Capital Gains are imaginary, but taxed anyway

(c) 2012  Earl L Haehl – Permission is granted to redistribute this in whole as long as credit is given.  Book rights are reserved.

Capital gains occur when the value of property changes in dollars. This can be due to value added to the property through the efforts of the owner, changes in value due to market forces such as scarcity or demand or changes due to inflation or government action.  While there are those searching for revenue who define this as income, this is a change in the value of property, not income.

The first may example may be the fixer-upper house that a person buys for its market value when it has, through neglect, vandalism, natural disaster etc., lost much of its value. While no one actually buys a house, but rather the real estate upon which it sits—except in the case of a condo. But the condition of a dwelling or other building on the premises impact what will be paid for the land. The person buying as investment had better know what it will cost.
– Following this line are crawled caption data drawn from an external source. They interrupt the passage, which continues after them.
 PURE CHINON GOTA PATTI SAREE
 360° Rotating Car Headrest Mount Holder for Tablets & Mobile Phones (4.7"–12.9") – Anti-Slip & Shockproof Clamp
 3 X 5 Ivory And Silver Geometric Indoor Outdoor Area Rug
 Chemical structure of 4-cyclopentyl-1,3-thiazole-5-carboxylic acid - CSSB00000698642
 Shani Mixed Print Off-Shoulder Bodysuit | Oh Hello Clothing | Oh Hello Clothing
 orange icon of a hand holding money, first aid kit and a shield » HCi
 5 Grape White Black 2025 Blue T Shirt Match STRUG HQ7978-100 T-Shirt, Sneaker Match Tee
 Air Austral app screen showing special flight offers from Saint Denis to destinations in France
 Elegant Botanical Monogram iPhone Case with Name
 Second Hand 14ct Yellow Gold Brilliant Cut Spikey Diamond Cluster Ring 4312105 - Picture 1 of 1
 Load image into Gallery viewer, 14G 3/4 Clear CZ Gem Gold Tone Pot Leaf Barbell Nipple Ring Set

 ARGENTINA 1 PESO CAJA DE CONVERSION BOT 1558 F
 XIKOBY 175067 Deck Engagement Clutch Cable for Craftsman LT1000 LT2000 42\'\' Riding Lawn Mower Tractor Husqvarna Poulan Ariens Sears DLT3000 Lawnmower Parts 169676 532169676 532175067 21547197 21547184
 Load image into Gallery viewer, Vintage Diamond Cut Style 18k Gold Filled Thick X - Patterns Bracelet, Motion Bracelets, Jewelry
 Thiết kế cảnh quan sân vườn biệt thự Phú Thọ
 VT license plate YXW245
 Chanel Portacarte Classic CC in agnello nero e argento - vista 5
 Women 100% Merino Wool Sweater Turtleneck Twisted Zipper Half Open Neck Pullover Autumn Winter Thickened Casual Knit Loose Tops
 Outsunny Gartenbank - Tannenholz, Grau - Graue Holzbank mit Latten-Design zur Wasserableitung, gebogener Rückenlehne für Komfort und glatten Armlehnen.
Hypothetical 1: In 1986 we looked at what would be ideal for a couple writers who had the wherewithal to handle the utilities, stairs etc. As we walked through the place, I noted the wiring—at least $10,000 to make it fire safe, double that for computers. I would have gone through it with a plumbing contractor as well, but as we stepped outside I noted a foundational crack. The hypothetical person (Hyp1) who bought the house at a bargain price was going to spend an additional two to three times in upgrades. So look at the house at $50,000 (remember this was 1986) plus $125,000 (conservative) in repairs and then it gets sold in the bubble for a quarter million. It was purchased at fair market value, it was sold at fair market value. What was sold was the property for which Hyp1 sold not only the house for which $175k was the cost basis, but also the future use of the property and the fact that a comparable or greater price would be necessary to replace it.

Hypothetical 2: So in October 1987 a different hypothetical buyer purchased 100 shares XYZ Corp at $29. This was fair market value the day after the big correction. But the income from the stock was solid and the seller had panicked. In other words the fair market value was impacted buy panic, not performance but it was still fair market value on that day. I March of 1998 our hypothetical buyer decided to get into the burgeoning green energy industry so he looked at his XYZ that had split twice and was now valued at $129 with a cost basis of $80 since the last split. Hyp2 sold 200 shares and was bought Greeniecorp which filed bankruptcy in December. Had he not taken the bath on Greeniecorp he would have paid capital gains tax on $9,800. In selling those shares Hyp2 sold all future interest and income that would accrue to those shares, not merely notes.

The second category involves market forces. And it still involves purchase and sale at fair market value. In this case, the ultimate seller relinquishes the value and future interests as well as the property itself.

In the third scenario, inflation or other government action, there is no change in the value of the property—there is a devaluation of the money. To call the change in price a gain is wrong. The government has, through its actions change the value of the exchange and should not benefit by taxing the difference.